> **Problem description**:
Your task is to copy all of the entries exactly as they are given.

____ Dataset content

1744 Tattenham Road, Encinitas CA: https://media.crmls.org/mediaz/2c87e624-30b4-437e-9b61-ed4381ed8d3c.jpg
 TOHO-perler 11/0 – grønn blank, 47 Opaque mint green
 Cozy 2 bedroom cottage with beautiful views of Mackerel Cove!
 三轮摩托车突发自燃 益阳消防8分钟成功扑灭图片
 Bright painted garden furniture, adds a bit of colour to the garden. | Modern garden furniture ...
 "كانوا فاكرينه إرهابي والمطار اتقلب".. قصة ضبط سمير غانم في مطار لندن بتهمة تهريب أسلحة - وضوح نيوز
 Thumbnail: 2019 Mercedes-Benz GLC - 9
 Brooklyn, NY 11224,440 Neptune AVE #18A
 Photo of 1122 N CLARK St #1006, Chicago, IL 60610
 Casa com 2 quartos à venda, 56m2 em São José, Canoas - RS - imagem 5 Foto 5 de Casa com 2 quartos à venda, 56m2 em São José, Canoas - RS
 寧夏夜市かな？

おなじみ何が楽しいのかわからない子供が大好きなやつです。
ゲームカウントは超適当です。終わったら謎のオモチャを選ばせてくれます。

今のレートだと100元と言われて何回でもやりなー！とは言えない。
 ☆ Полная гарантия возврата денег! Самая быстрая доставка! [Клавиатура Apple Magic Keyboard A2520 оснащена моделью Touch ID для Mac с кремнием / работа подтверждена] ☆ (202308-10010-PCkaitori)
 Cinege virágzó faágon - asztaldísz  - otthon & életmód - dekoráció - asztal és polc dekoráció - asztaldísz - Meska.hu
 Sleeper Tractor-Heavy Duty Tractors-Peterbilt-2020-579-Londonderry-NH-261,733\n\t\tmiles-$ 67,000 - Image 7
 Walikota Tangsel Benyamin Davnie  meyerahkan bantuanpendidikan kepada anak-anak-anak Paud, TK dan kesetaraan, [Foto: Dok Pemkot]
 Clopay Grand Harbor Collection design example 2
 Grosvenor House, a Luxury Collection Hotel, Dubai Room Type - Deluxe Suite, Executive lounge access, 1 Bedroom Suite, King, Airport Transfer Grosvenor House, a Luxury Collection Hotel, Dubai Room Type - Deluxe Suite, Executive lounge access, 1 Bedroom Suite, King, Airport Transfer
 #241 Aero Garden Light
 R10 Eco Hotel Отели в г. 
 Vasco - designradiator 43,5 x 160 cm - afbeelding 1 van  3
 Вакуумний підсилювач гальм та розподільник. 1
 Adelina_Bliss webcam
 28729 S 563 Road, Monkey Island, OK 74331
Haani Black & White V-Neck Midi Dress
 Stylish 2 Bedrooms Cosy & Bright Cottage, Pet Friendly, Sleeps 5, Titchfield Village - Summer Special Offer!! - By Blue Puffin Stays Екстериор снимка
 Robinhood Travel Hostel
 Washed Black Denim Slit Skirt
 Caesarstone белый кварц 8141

________

> **Task solution**:
1744 Tattenham Road, Encinitas CA: https://media.crmls.org/mediaz/2c87e624-30b4-437e-9b61-ed4381ed8d3c.jpg
 TOHO-perler 11/0 – grønn blank, 47 Opaque mint green
 Cozy 2 bedroom cottage with beautiful views of Mackerel Cove!
 三轮摩托车突发自燃 益阳消防8分钟成功扑灭图片
 Bright painted garden furniture, adds a bit of colour to the garden. | Modern garden furniture ...
 "كانوا فاكرينه إرهابي والمطار اتقلب".. قصة ضبط سمير غانم في مطار لندن بتهمة تهريب أسلحة - وضوح نيوز
 Thumbnail: 2019 Mercedes-Benz GLC - 9
 Brooklyn, NY 11224,440 Neptune AVE #18A
 Photo of 1122 N CLARK St #1006, Chicago, IL 60610
 Casa com 2 quartos à venda, 56m2 em São José, Canoas - RS - imagem 5 Foto 5 de Casa com 2 quartos à venda, 56m2 em São José, Canoas - RS
 寧夏夜市かな？

おなじみ何が楽しいのかわからない子供が大好きなやつです。
ゲームカウントは超適当です。終わったら謎のオモチャを選ばせてくれます。

今のレートだと100元と言われて何回でもやりなー！とは言えない。
 ☆ Полная гарантия возврата денег! Самая быстрая доставка! [Клавиатура Apple Magic Keyboard A2520 оснащена моделью Touch ID для Mac с кремнием / работа подтверждена] ☆ (202308-10010-PCkaitori)
 Cinege virágzó faágon - asztaldísz  - otthon & életmód - dekoráció - asztal és polc dekoráció - asztaldísz - Meska.hu
 Sleeper Tractor-Heavy Duty Tractors-Peterbilt-2020-579-Londonderry-NH-261,733\n\t\tmiles-$ 67,000 - Image 7
 Walikota Tangsel Benyamin Davnie  meyerahkan bantuanpendidikan kepada anak-anak-anak Paud, TK dan kesetaraan, [Foto: Dok Pemkot]
 Clopay Grand Harbor Collection design example 2
 Grosvenor House, a Luxury Collection Hotel, Dubai Room Type - Deluxe Suite, Executive lounge access, 1 Bedroom Suite, King, Airport Transfer Grosvenor House, a Luxury Collection Hotel, Dubai Room Type - Deluxe Suite, Executive lounge access, 1 Bedroom Suite, King, Airport Transfer
 #241 Aero Garden Light
 R10 Eco Hotel Отели в г. 
 Vasco - designradiator 43,5 x 160 cm - afbeelding 1 van  3
 Вакуумний підсилювач гальм та розподільник. 1
 Adelina_Bliss webcam
 28729 S 563 Road, Monkey Island, OK 74331
Haani Black & White V-Neck Midi Dress
 Stylish 2 Bedrooms Cosy & Bright Cottage, Pet Friendly, Sleeps 5, Titchfield Village - Summer Special Offer!! - By Blue Puffin Stays Екстериор снимка
 Robinhood Travel Hostel
 Washed Black Denim Slit Skirt
 Caesarstone белый кварц 8141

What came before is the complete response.